Upon reaching the line containing "P có gác (đứng)", output that line and all remaining lines exactly, through the end of the entries, and output nothing before it.

=== EXCERPTED DATA ===

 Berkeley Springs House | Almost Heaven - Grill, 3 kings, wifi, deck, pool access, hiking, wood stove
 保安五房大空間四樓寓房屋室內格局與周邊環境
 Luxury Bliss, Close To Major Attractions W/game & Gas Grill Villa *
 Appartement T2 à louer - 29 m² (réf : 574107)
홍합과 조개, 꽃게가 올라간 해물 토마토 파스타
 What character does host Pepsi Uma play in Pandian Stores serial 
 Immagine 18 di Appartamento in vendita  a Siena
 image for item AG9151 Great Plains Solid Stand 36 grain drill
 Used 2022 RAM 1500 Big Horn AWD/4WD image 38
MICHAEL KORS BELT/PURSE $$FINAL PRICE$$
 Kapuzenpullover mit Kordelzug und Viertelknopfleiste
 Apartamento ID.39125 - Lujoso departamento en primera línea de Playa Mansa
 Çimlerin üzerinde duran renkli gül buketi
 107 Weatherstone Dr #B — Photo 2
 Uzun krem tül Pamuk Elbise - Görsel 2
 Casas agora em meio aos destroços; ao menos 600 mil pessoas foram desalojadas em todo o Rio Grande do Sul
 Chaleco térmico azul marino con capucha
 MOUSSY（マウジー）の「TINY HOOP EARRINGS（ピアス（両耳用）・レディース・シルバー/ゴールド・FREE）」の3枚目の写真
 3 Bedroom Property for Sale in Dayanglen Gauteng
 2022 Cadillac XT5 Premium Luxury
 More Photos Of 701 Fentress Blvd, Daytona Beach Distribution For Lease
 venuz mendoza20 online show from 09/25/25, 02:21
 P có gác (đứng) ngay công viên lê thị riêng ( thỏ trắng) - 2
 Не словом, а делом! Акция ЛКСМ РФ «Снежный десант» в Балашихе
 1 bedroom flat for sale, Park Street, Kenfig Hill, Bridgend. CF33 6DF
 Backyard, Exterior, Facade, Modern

===

## [ANSWER TO THIS TASK]
 P có gác (đứng) ngay công viên lê thị riêng ( thỏ trắng) - 2
 Не словом, а делом! Акция ЛКСМ РФ «Снежный десант» в Балашихе
 1 bedroom flat for sale, Park Street, Kenfig Hill, Bridgend. CF33 6DF
 Backyard, Exterior, Facade, Modern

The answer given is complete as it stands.